New Book: Libraries and the Enlightenment

Libraries and the Enlightenment

Author: Wayne Bivens-Tatum
Price: $25.00
Published: March 2012
ISBN: 978-1-936117-42-0

Contemporary American libraries are products of the Enlightenment. The Enlightenment–the intellectual and political movement that emerged in 18th century Europe–consolidated various scientific and political ideals into a worldview advocating scientific discovery and experimentation, reason as a touchstone of truth, intellectual freedom to study and publish, skepticism about received traditions, individual liberty, political and social equality among all persons, democracy, and toleration of diverse opinions among other beliefs.

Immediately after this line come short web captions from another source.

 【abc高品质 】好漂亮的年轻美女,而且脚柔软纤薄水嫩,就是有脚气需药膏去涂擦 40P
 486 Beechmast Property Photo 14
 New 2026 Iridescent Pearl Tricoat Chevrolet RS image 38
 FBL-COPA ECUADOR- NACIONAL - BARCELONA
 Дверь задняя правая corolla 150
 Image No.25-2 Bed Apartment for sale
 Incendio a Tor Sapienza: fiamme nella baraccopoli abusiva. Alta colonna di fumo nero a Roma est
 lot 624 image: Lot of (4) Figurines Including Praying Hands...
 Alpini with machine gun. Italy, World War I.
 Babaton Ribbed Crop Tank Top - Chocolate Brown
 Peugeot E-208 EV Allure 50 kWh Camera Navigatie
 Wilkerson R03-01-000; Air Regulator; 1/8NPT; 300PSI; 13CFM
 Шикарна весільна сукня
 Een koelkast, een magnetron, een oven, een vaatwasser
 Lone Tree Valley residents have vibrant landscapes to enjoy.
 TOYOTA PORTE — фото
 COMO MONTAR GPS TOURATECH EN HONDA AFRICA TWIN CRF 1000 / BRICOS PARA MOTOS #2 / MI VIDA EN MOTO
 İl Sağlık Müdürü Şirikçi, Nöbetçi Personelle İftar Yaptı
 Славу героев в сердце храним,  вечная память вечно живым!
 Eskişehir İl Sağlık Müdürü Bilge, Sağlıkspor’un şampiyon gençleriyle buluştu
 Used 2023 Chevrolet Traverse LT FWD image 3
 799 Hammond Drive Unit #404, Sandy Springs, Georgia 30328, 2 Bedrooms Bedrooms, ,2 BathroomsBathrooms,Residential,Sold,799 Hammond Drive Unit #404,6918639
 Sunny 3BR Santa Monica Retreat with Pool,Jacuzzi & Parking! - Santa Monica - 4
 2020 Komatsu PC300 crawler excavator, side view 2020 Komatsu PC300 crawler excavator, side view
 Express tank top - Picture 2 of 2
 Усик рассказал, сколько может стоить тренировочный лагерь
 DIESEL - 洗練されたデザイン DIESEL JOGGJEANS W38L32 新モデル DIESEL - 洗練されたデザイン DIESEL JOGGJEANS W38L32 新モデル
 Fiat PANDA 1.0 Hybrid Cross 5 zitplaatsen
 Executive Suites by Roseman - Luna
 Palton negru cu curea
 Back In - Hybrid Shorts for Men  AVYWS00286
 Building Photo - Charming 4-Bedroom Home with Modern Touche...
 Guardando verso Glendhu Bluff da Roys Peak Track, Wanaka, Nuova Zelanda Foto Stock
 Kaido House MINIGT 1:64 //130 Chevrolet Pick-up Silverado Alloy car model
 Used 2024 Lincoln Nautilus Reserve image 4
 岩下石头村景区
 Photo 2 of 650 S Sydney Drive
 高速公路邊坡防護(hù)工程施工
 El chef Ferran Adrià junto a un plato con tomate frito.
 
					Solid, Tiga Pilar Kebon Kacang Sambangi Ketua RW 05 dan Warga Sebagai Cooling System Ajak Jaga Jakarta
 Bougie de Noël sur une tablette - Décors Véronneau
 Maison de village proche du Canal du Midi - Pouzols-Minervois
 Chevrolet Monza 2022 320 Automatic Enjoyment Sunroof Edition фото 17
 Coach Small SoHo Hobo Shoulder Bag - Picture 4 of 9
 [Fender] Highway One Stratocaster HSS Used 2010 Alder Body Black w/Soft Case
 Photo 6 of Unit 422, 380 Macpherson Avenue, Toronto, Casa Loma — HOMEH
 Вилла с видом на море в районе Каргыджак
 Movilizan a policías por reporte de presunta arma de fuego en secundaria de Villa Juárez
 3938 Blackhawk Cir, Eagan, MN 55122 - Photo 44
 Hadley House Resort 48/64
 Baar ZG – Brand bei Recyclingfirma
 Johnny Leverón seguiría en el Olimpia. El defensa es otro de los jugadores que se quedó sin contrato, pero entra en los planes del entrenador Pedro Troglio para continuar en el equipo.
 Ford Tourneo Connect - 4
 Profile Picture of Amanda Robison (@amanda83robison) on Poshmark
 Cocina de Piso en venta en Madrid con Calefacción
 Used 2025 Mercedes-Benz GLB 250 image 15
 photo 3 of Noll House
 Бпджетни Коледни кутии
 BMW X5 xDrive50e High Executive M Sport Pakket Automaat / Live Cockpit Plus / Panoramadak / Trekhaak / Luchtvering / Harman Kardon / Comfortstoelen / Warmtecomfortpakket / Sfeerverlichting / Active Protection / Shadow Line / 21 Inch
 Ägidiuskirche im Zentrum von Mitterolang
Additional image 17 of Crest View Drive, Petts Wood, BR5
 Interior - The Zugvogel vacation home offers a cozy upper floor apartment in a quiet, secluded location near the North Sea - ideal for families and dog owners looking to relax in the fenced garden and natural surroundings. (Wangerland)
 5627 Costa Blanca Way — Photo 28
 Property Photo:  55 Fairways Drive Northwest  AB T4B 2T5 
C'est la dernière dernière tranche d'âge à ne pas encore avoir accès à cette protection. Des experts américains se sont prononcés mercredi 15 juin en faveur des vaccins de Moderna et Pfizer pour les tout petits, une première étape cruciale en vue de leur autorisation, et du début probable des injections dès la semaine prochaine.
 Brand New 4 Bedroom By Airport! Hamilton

From the 17th century on, libraries were crucial to the development and dissemination of Enlightenment ideals. Early modern “universal libraries” such as the Bibliothèque Mazarine attempted to collect books on every subject to promote study and research and preceded the rise of research libraries supporting another Enlightenment creation, the research university, with the goal of collecting, classifying, and disseminating the human and scholarly record. Early circulating and subscription libraries such as the Library Company of Philadelphia were founded by enterprising citizens who wanted to educate themselves about the latest scientific and philosophical knowledge. They led to the development of the public library movement in the 19th century, founded on the premise that people needed access to books and information to continue the education necessary for citizens in a democratic republic. These two goals of Enlightenment–to support the creation of knowledge and to disseminate that knowledge throughout a free society–provide the philosophical foundation for modern American libraries, with the ultimate ideal of a universal library universally accessible. There can be libraries without Enlightenment, but no Enlightenment without libraries.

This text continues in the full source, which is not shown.